Problem details. Repeat the records below exactly, beginning at the first line and finishing with the line that contains "Gourmetop Magnetischer Messerhalter".

[Stored dataset items]
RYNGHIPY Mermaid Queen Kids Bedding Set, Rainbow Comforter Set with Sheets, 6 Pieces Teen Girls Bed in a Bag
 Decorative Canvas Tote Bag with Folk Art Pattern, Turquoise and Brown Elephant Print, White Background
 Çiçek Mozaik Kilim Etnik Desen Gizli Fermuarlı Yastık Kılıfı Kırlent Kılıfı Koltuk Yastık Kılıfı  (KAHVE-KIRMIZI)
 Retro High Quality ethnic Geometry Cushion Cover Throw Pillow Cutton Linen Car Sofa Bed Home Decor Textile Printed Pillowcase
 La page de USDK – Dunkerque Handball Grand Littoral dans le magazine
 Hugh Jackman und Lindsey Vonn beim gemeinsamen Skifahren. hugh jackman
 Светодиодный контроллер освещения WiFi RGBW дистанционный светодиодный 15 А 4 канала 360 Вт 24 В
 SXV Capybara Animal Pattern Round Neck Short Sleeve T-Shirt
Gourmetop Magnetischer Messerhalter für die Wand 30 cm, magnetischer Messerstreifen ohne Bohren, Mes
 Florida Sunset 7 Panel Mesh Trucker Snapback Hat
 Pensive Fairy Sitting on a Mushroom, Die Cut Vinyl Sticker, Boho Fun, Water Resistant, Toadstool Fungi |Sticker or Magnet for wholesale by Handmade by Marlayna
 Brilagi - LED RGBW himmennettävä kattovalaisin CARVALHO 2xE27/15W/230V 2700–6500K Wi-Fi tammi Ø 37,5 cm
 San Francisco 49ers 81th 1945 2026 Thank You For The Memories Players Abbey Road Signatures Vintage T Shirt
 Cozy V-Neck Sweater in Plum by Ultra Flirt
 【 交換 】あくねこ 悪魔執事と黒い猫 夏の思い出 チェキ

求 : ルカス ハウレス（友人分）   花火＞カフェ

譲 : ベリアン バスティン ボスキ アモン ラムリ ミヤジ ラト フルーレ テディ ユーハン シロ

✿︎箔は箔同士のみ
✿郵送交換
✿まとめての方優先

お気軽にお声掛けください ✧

Written solution.
RYNGHIPY Mermaid Queen Kids Bedding Set, Rainbow Comforter Set with Sheets, 6 Pieces Teen Girls Bed in a Bag
 Decorative Canvas Tote Bag with Folk Art Pattern, Turquoise and Brown Elephant Print, White Background
 Çiçek Mozaik Kilim Etnik Desen Gizli Fermuarlı Yastık Kılıfı Kırlent Kılıfı Koltuk Yastık Kılıfı  (KAHVE-KIRMIZI)
 Retro High Quality ethnic Geometry Cushion Cover Throw Pillow Cutton Linen Car Sofa Bed Home Decor Textile Printed Pillowcase
 La page de USDK – Dunkerque Handball Grand Littoral dans le magazine
 Hugh Jackman und Lindsey Vonn beim gemeinsamen Skifahren. hugh jackman
 Светодиодный контроллер освещения WiFi RGBW дистанционный светодиодный 15 А 4 канала 360 Вт 24 В
 SXV Capybara Animal Pattern Round Neck Short Sleeve T-Shirt
Gourmetop Magnetischer Messerhalter für die Wand 30 cm, magnetischer Messerstreifen ohne Bohren, Mes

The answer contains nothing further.